EXERCISE BRIEF: The material below is to be copied exactly from the line with "A late 19th" up to and including the line with "A man plays", with nothing else kept and no pictures.

RECORDS PROVIDED:
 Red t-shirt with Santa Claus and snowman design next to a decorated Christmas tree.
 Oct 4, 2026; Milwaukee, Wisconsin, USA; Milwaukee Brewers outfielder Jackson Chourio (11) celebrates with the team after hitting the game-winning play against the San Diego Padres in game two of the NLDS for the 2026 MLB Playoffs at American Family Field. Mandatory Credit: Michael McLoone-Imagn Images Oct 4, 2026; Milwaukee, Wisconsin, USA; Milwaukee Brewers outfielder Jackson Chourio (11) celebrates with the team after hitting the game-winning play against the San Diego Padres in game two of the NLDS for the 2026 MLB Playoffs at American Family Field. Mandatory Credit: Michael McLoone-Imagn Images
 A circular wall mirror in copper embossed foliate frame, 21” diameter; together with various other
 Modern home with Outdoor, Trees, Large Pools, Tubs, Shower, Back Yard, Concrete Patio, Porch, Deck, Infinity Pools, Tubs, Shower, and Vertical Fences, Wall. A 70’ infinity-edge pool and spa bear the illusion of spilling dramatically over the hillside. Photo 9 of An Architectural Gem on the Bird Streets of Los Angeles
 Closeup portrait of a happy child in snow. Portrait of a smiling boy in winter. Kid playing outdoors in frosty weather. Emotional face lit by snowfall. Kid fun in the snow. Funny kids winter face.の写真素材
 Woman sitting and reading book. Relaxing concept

...

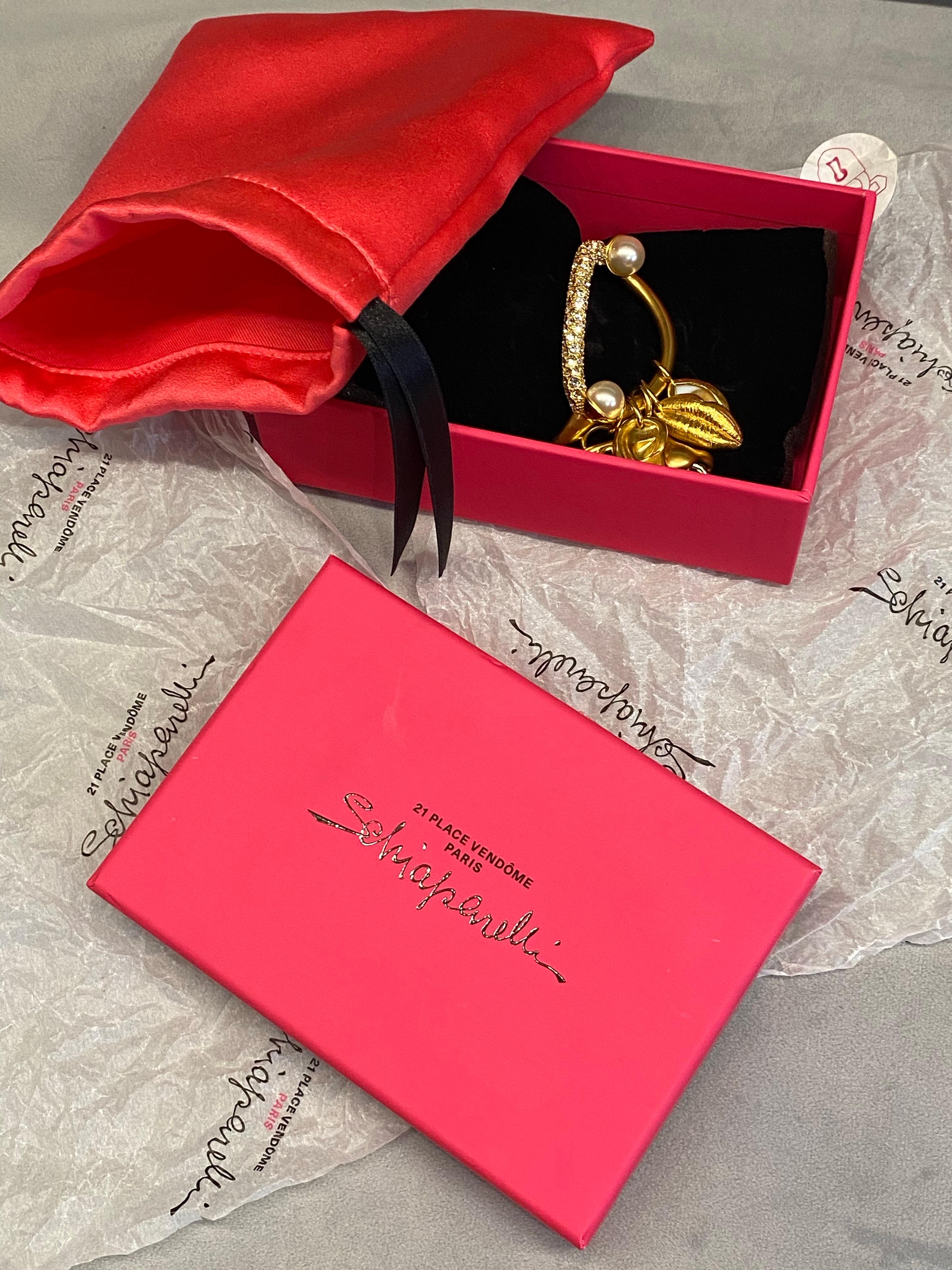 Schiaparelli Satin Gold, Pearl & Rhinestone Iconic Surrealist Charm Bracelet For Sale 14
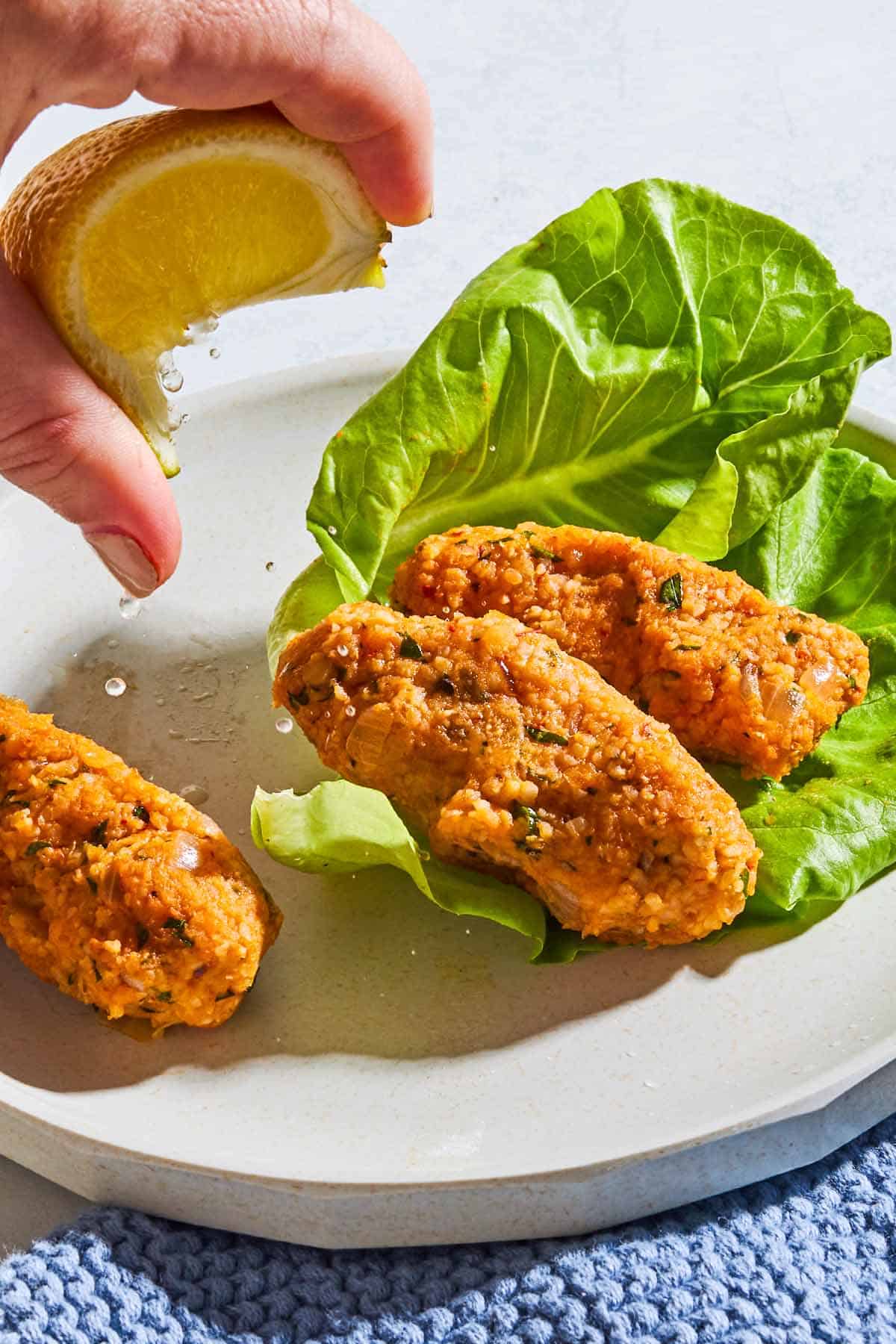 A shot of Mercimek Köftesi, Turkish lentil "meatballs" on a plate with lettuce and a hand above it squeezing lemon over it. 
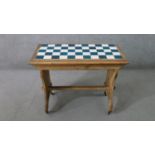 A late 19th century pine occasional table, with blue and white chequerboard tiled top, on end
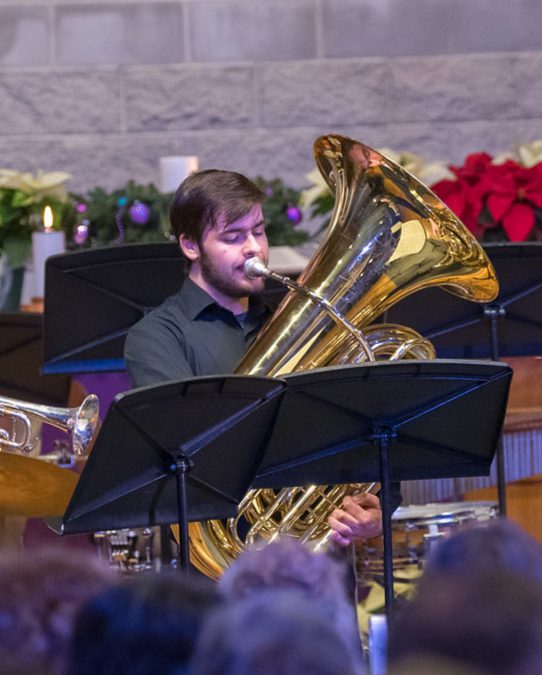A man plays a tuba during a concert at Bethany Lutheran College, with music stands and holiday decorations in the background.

SOLUTION:
 A late 19th century pine occasional table, with blue and white chequerboard tiled top, on end
A man plays a tuba during a concert at Bethany Lutheran College, with music stands and holiday decorations in the background.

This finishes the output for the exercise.